Member of Maharashtra Legislative Assembly
- Incumbent
- Assumed office 23 November 2024
- Preceded by: Vaibhav Naik
- Constituency: Kudal

Member of Parliament, Lok Sabha
- In office 17 May 2009 — 18 May 2014
- Preceded by: Constituency established
- Succeeded by: Vinayak Raut
- Constituency: Ratnagiri-Sindhudurg, Maharashtra

Personal details
- Born: 17 March 1981 (age 45) Maharashtra, India
- Party: Shiv Sena (since 2024)
- Other political affiliations: Maharashtra Swabhiman Paksha (2017-2019); Bharatiya Janata Party (2019-2024); Indian National Congress (2009-2017);
- Spouse: Priyanka Rane ​(m. 2007)​
- Children: Abhiraj Rane
- Parent: Narayan Rane (father);
- Relatives: Nitesh Rane (brother)
- Occupation: Politician

= Nilesh Narayan Rane =

Indian politician (born 1981)

Nilesh Narayan Rane (born 17 March 1981) is an Indian politician. He is from Maharashtra, a state in Western India. He is a son of Narayan Rane, former Chief Minister of Maharashtra & former Union Cabinet Minister of MSME.

==Personal life==
Rane is the son of former union cabinet minister Narayan Rane. His brother, Nitesh Narayan Rane, represents Kankavli constituency in Maharashtra Legislative Assembly.

== Political career ==
Rane was elected to 15th Lok Sabha of India from Ratnagiri-Sindhudurg constituency of Maharashtra as a member of Indian National Congress (INC).

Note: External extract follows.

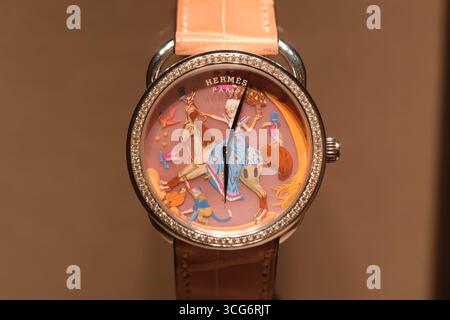 Shanghai, Cina - 26 luglio 2025: Orologio Hermès Arceau Foto Stock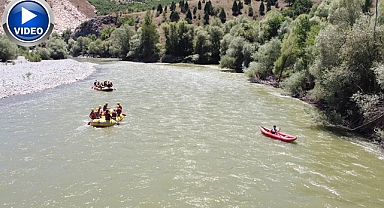 Sıcaktan bunalan rafting yaptı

As part of the 15th Lok Sabha, Rane served on the Committee on Home Affairs and the Rules Committee.

Rane contested from same constituency for a seat in 16th Lok Sabha, but lost to Shiv Sena candidate Vinayak Raut.

As of 2019, he was a member of the Bharatiya Janata Party (BJP).

In 2024, he switched over to Shiv Sena from BJP to contest as a Maha Yuti candidate in 2024 Maharashtra Legislative Assembly election from Kudal Assembly constituency which he won that seat by a margin of 8,176 votes.